La Ligue et le M5S ont affiché une certaine détermination à mettre au point un budget qui réponde à leurs promesses de campagne respectives : baisse d’impôts dans le cas de la Ligue et garanti de revenu minimal dans le cas du M5S, en plus de leur volonté commune de revenir sur la réforme des retraites de 2011. Il ne faudrait pas non plus sous-estimer les tensions propres à la coalition, comme l’ont illustré les accusations de Di Maio contre Salvini, qui aurait trafiqué le texte sur l’amnistie fiscale pour la rendre bien plus généreuse ; une idée très impopulaire chez les électeurs du M5S.
En ce qui concerne les menaces européennes, l’idée de sanctions reste irréaliste pour l’heure et l’enjeu pour la coalition est surtout de mettre en scène symboliquement une forme d’apaisement à destination des marchés pour éviter une envolée supplémentaire des taux d’intérêt ; ce qu’a notamment traduit l’affirmation d’une certaine volonté de maîtriser la dette.

Peut-on vraiment parler d'un risque de contagion à d'autres pays qui pourraient être tentés de suivre l'exemple italien ? 

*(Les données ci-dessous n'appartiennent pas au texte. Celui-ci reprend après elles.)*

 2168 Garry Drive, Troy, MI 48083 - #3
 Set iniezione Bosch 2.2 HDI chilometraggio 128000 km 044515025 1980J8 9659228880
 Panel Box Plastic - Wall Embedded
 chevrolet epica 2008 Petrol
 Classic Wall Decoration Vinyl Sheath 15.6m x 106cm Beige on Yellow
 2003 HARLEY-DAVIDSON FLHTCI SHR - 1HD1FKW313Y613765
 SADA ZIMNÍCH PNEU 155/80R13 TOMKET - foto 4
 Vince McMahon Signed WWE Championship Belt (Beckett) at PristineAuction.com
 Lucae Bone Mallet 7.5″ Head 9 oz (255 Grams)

Hormis la Grèce, qui a fait l’objet d’une focalisation très particulière de la Troïka, la plupart des pays dits périphériques ont été autorisés à quelque peu relâcher leur politique budgétaire à partir de 2012, lorsque les experts du FMI se sont publiquement désolidarisés de l’approche des institutions européennes, qui minimisaient l’impact sur la croissance de la politique budgétaire. Plus récemment, le gouvernement populiste de gauche élu au Portugal a pu annoncer la sortie de la logique d’austérité sans que cela ne suscite une crise politique européenne, mais plutôt la recherche d’un discret modus vivendi. En plus du Portugal, d’autres pays, dont la France, se trouvent dans une situation budgétaire comparable et vont recevoir une forme d’avertissement purement formel. 

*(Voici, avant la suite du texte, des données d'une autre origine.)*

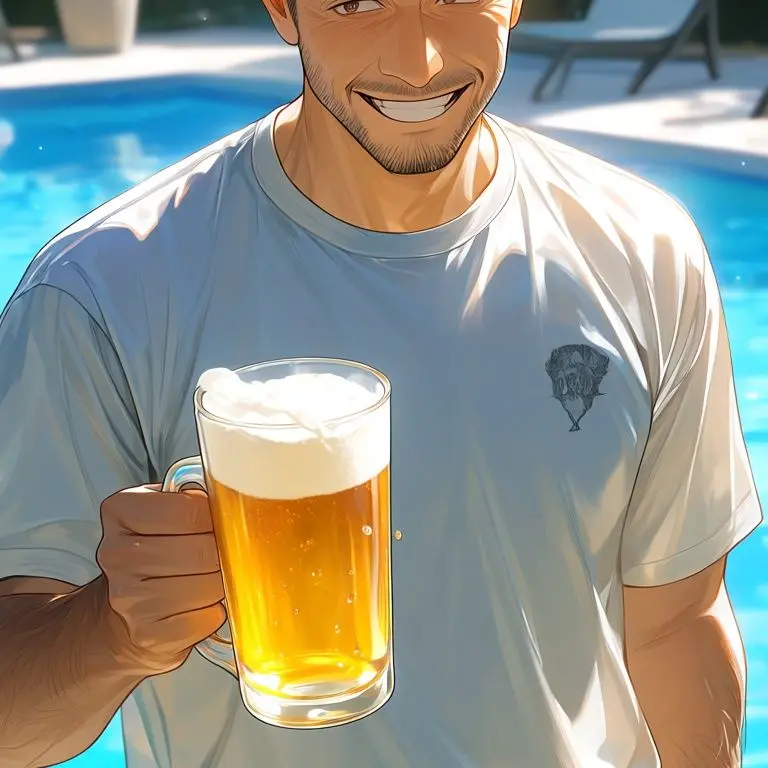 DrunkLoach8765의 Pool Party Payback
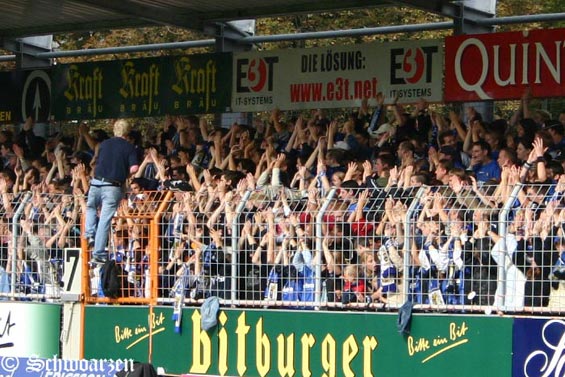 SV Eintracht Trier 05 vs SpVgg Unterhaching (2-0)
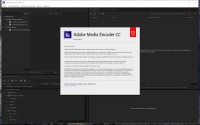 Adobe Media Encoder CC 2015.4 10.4.0.26 RePack by KpoJIuK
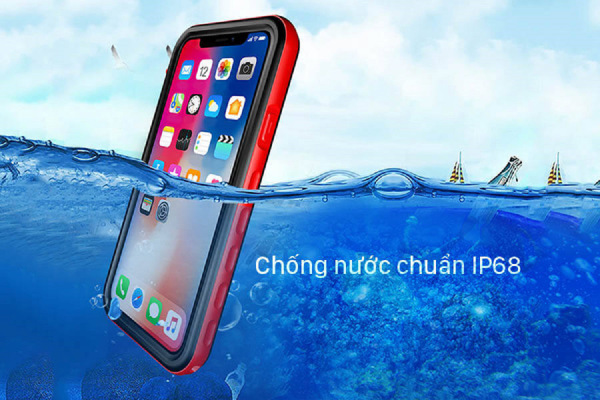 Tiêu chuẩn kháng nước IP68 là gì? Đặc điểm tiêu chuẩn IP68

L’Italie a un taux d’endettement public très élevé mais l’étude de la situation globale du pays indique une réalité bien plus mesurée. Il affiche un excédent commercial et de la balance courant substantiels, et jouit d’une position extérieure nette à peu près équilibrée ; ce qui signifie que le pays dans son ensemble n’est pas véritablement dans une situation de débiteur sur le plan de la dette et de l’investissement vis-à-vis du reste du monde. C’est ce qui explique que la note de l’Italie reste correcte auprès des grandes agences de notation, malgré le niveau d’endettement publique spectaculaire.
Le rapport de l’Italie aux marchés financiers n’est donc pas comparable à celle des pays qui ont été au cœur de la crise de l’euro et bénéficiaires-victimes des plans de sauvetage-austérité. Le réseau manufacturier italien a longtemps été présenté comme un modèle d’innovation, avant 1999 et la longue phase de perte de compétitivité.  Ce que l’on peut raisonnablement reprocher au budget de la coalition populiste c’est de ne guère se concentrer sur l’enjeu du redéploiement industriel dont le pays a pourtant parfaitement les moyens humains. Un budget davantage centré sur la question de l’investissement dans les infrastructures et l’appareil technologique aurait, en plus de son soutien à la conjoncture et à l’emploi, permis de contrer plus aisément les critiques d’une Commission sur le départ, en invoquant la cause de la modernisation de l’économie italienne.